In the listing below, locate the line that contains "A woman with" and the line that contains "slate gray track". Restate word for word those two lines and every line between them, and nothing else.

**PROVIDED RECORDS**
::::

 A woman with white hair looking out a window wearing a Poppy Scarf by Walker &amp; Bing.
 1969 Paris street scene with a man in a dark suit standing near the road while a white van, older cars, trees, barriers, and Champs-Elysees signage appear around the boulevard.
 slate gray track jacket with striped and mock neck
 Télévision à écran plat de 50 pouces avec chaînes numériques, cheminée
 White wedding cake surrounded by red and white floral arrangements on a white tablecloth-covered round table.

::::

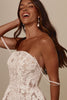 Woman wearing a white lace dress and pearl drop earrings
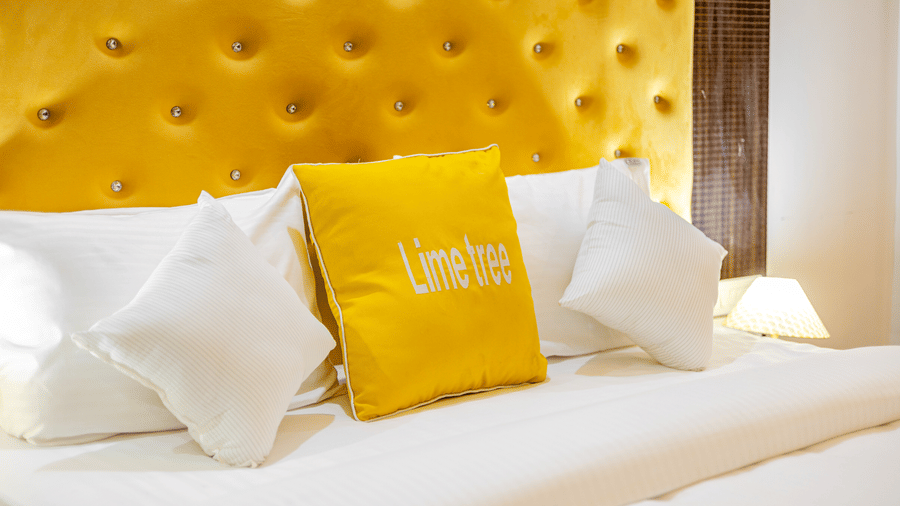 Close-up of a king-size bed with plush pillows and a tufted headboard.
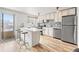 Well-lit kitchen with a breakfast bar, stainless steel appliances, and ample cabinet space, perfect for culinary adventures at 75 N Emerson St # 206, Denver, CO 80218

::::

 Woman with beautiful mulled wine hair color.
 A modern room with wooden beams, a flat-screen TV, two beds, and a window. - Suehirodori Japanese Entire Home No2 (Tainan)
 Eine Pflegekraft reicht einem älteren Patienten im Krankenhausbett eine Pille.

::::

**TASK RESPONSE**
 A woman with white hair looking out a window wearing a Poppy Scarf by Walker &amp; Bing.
 1969 Paris street scene with a man in a dark suit standing near the road while a white van, older cars, trees, barriers, and Champs-Elysees signage appear around the boulevard.
 slate gray track jacket with striped and mock neck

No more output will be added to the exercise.